Conservation group hails rare dinosaur discovery by father and son in Alberta

  • Conservation group hails rare dinosaur discovery by father and son in Alberta

Conservation group hails rare dinosaur discovery by father and son in Alberta

A 12-year-old boy has discovered a dinosaur skeleton dating back around 69 million years in what paleontologists have described as an important find.

The amateur palaeontologist was out hiking with his father in a fossil-rich part of Alberta, Canada this July, when he saw bones protruding from a rock.

Excavations of the skeleton were completed on Thursday. "I was so excited that I didn't feel that excited, I was just so in shock".

"I've been aspiring to be a palaeontologist for pretty much as long as I can remember", he said, "so it's pretty awesome to finally find something real that's like big".

The aspiring paleontologist has been interested in dinosaurs since he was six, and told the BBC he often goes hiking in the Nature Conservancy of Canada's protected site in the Albertan Badlands with his father.

"I've always just been so fascinated with how their bones go from bones like ours, to solid rock".

"Fossil discoveries are rare in this geological layer", Nature Conservancy Canada said.

So Nathan made a decision to check out the place this summer.

So this summer when the boy was able to inspect the area, the report said he found the fossilized bones "poking out of the side of a hill". "My dad said he could tell by the tone in my voice that I had found something good".

Nathan Hrushkin and his father, Dion.

The bones were removed in protective jackets made of burlap and plaster and taken back to the museum lab for cleaning and research.
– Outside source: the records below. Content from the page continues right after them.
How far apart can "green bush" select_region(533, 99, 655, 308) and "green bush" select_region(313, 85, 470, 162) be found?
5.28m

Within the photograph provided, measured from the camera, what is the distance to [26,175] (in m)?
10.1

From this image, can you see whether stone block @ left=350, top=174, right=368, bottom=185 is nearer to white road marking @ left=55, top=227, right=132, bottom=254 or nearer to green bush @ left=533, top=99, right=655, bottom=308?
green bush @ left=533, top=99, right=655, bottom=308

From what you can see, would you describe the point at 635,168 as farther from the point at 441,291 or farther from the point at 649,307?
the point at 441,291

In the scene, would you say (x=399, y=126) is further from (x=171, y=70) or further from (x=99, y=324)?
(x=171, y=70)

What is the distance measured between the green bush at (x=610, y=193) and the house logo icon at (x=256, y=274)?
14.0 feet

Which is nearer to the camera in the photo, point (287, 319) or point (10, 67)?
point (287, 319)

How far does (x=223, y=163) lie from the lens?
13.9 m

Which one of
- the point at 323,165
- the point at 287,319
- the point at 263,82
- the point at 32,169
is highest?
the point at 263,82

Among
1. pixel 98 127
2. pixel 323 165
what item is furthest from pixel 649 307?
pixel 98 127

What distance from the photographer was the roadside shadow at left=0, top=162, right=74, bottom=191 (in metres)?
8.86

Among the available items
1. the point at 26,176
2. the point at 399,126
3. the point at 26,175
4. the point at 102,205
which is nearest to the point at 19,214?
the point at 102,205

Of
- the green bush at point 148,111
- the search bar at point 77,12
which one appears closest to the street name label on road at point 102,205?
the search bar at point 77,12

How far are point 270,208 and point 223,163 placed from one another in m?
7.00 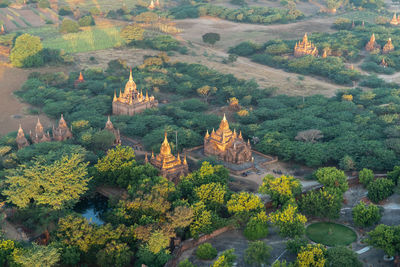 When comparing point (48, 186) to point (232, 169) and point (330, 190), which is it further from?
point (330, 190)

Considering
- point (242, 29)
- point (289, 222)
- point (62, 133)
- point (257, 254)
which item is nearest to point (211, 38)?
point (242, 29)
Nathan knows that the fossils are protected by law, so when they got home, he and his father logged in to the website for the Royal Tyrrell Museum, which is located in Alberta and devoted to the study of prehistoric life. They took photos of the fossils, noted the coordinations to their location and how they got to the spot, and emailed the museum. Leila believed deeply in the importance of maintaing the canyon's natural state and worked for many years as an interpreter, where she introduced visitors to its many unique features.

The report said Nathan agreed that before his discovery, he was probably like most kids whose favorite dinosaur is Tyrannosaurus Rex.

"Its a fossil from that area and from that time interval that will actually give us information about what was happening with dinosaurs 69 million years ago".

A conservation team has been sent to the site and, since Nathan's find, upwards of 50 additional fossils have been found in the canyon's walls.

The NCC says that all of the bones collected belong to a single specimen, a juvenile hadrosaur approximately three or four years old.

"But after my discovery, it's most definitely the Hadrosaur".

Francois Therrien is the curator of dinosaur palaeontology at the Royal Tyrell Museum of Palaeontology and says hadrosaurs were common in their time, something like deer are today.

The fossil comes from a period of time "we know very little about", Therrien said, which means Nathan's find "will help us fill this big gap in our knowledge of dinosaur evolution". When he realized how many bones were there, he assembled a whole team of scientists to help. He said it would be wonderful to finally see them, after months of work, extract something from the earth.